Nearly every person of importance in the village has gathered at the Widow Douglas's house. While the boys change into nice clothes, Huck tells Tom that he wants to escape out the window because he cannot stand such a large crowd. Tom tells him not to worry. Sid comes in and informs them that the party is being given in honor of the Welshman, Mr. Jones, and his sons, and that Mr. Jones plans to surprise everyone by announcing that Huck was the real hero. Sid then says, in a self-satisfied way, that the surprise will fall flat because he has already spoiled it. Tom yells at Sid for being such a nasty sneak and chases him out of the room.

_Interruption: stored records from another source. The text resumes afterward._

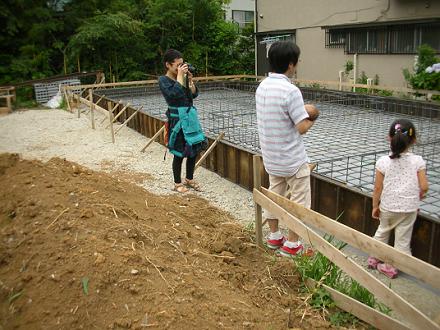 2012070103.jpg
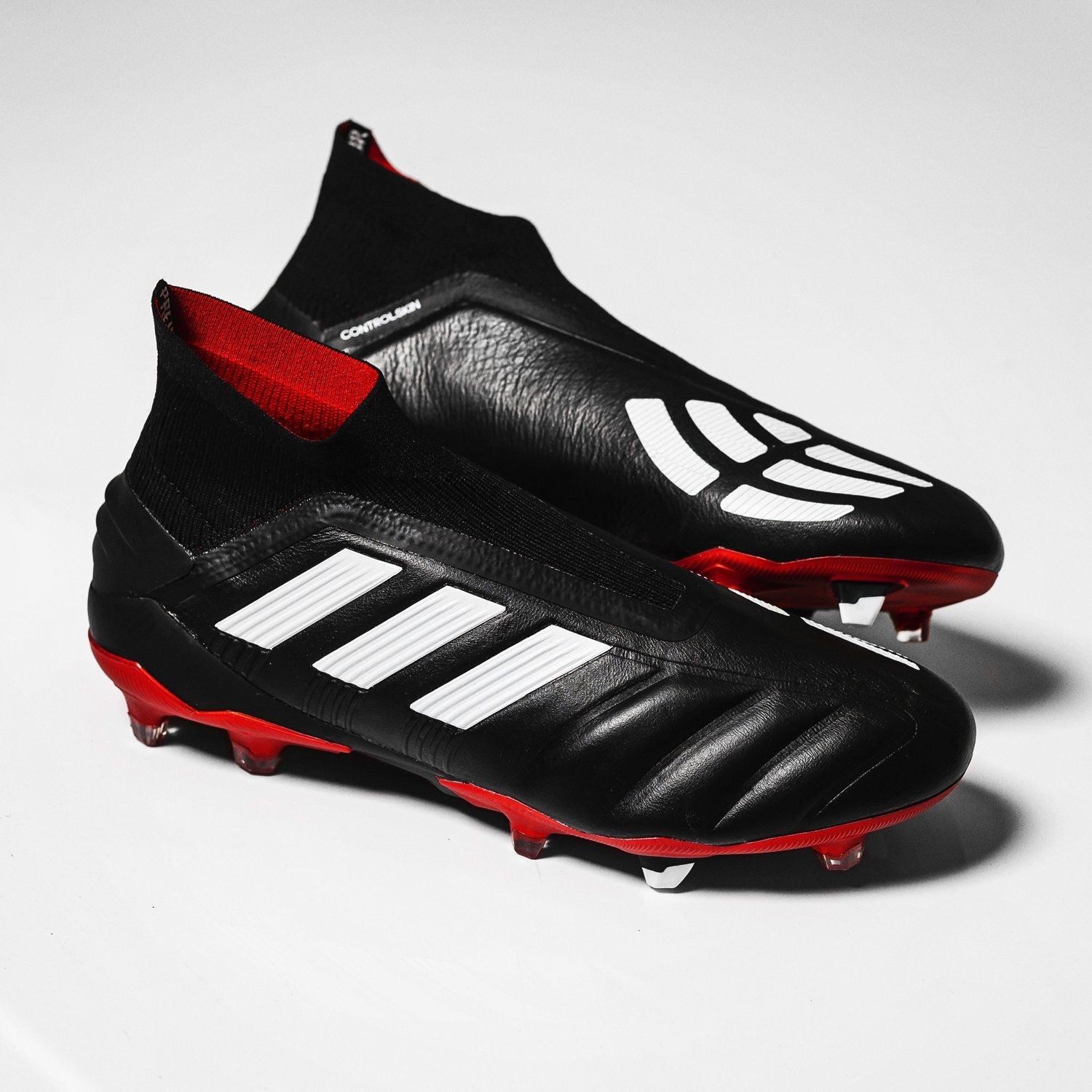 adidas Predator Mania 19+ FG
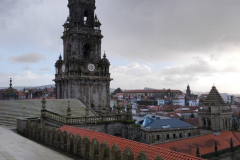 Santiago34-.33 Santiago34-.33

At the supper table, Mr. Jones tells his secret and everyone pretends to be surprised. Widow Douglas then announces that she plans to give Huck a home and educate him. Tom bursts out, “Huck don't need it. Huck's rich.” Everyone chuckles at the joke, and Tom runs outside and brings in the gold. Everyone is shocked. When the money is counted, it adds up to over twelve thousand dollars.

Chapter 35: Respectable Huck Joins the Gang

Huck Finn's wealth and the fact that he was now under the Widow Douglas's protection introduced him into society—no, dragged him into it, hurled him into it—and his sufferings were almost more than he could bear.

The news of the gold shocks the village and inspires dozens of treasure hunters. The money is invested and provides both boys an allowance of almost a dollar a day—equal to the minister's salary.

Becky tells her father about how noble Tom has been, and the judge decides that Tom should go to the National Military Academy and then become a lawyer. Huck, meanwhile, suffers terribly under the burden of being civilized. He bears wearing clean clothes, sleeping in sheets, and eating with a knife and fork for three weeks; he then runs away. The town searches for him, but to no avail. Tom finds him, eventually, sleeping in an abandoned slaughterhouse, and Huck tells his friend that he simply is not cut out for a respectable life. The Widow Douglas makes him dress nicely and forbids him to spit, swear, or smoke.

Tom replies that Huck can do as he pleases, but if he wants to join Tom's gang of robbers, he has to be respectable. Otherwise, he says, Huck's sour reputation will drag down the whole gang. Huck agrees to try the widow's house again for a month—provided that Tom allows him to belong to the gang.

Conclusion

Twain writes that the story must end here because it is strictly a story about a boy. Were the story to continue, he states, it would quickly become the story of a man. He adds that most of the characters in the story are still alive and that he might one day explore how they turned out.